A letter-for-letter copy of the listing is required, with no pictures in it.

START MATERIAL PROVIDED

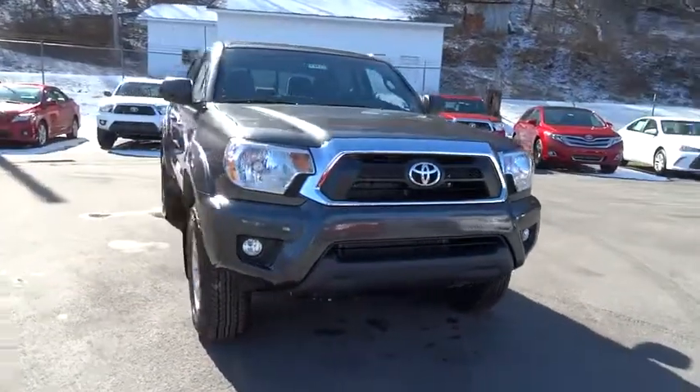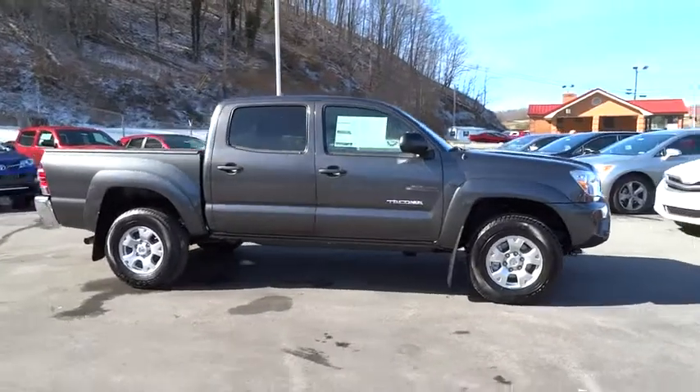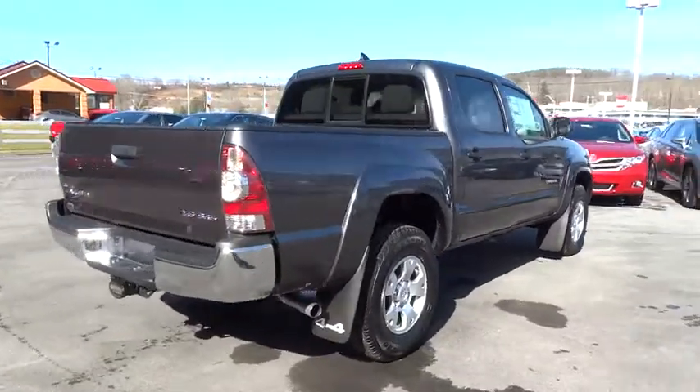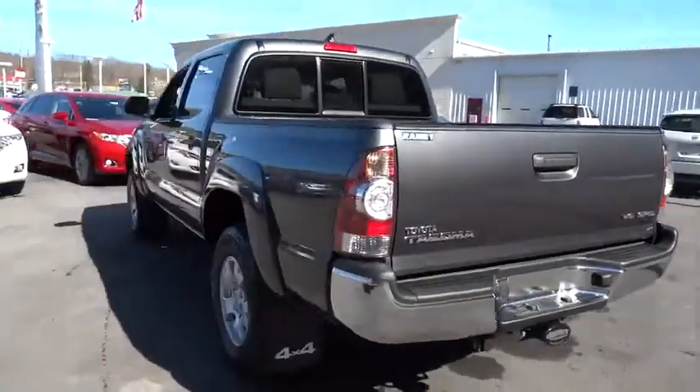2015 Tacoma. The Toyota Tacoma boasts a roomy interior, a powerful V6 option, and excellent off-road capability, and has been named the best-selling compact pickup by Motorintelligence.com five years in a row.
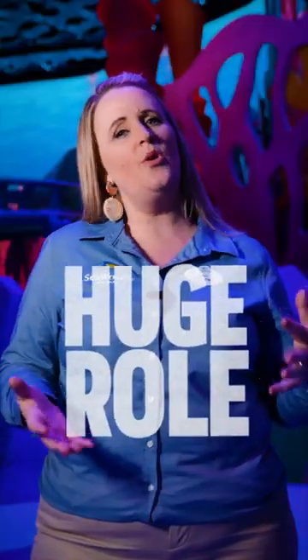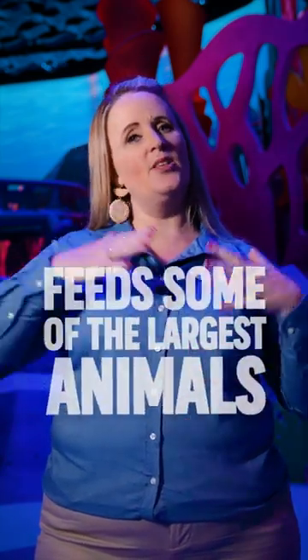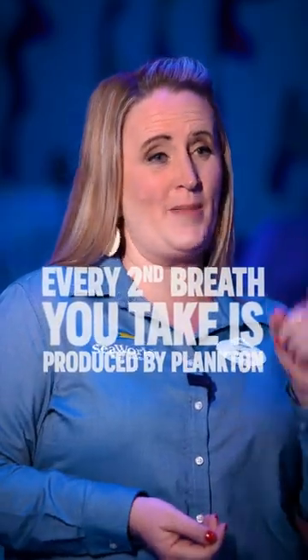Plankton plays a huge role in our environment. It is one of the tiniest creatures, but feeds some of the largest animals in our ocean, like humpback whales. Do you know that every second breath you take is produced by plankton?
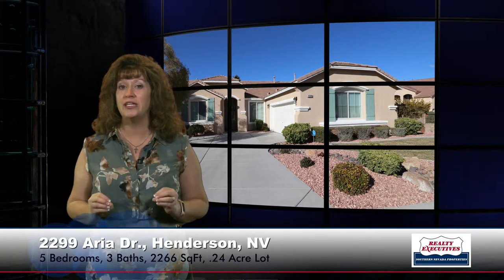So in summary, I'm at 2299 Aria Drive in Henderson, Nevada, which is in Coventry Homes at Anthem. It has five bedrooms and three bathrooms, 2,266 square feet of living space, vaulted ceilings throughout, a two-car side-entry garage, a huge quarter-acre corner lot, freshly painted inside and out, new carpet, new laminate wood flooring, new window coverings, new stainless steel appliances — absolutely immaculate and gorgeous and move-in ready.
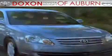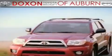Dachshund Toyota of Auburn, where you save money today on every new and used Toyota since 1938. This is a brand new 2011 Toyota Sienna, enough comfort and space for the entire family.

END MATERIAL PROVIDED

# EXERCISE RESPONSE:
2015 Tacoma. The Toyota Tacoma boasts a roomy interior, a powerful V6 option, and excellent off-road capability, and has been named the best-selling compact pickup by Motorintelligence.com five years in a row.
Plankton plays a huge role in our environment. It is one of the tiniest creatures, but feeds some of the largest animals in our ocean, like humpback whales. Do you know that every second breath you take is produced by plankton?
So in summary, I'm at 2299 Aria Drive in Henderson, Nevada, which is in Coventry Homes at Anthem. It has five bedrooms and three bathrooms, 2,266 square feet of living space, vaulted ceilings throughout, a two-car side-entry garage, a huge quarter-acre corner lot, freshly painted inside and out, new carpet, new laminate wood flooring, new window coverings, new stainless steel appliances — absolutely immaculate and gorgeous and move-in ready.
Dachshund Toyota of Auburn, where you save money today on every new and used Toyota since 1938. This is a brand new 2011 Toyota Sienna, enough comfort and space for the entire family.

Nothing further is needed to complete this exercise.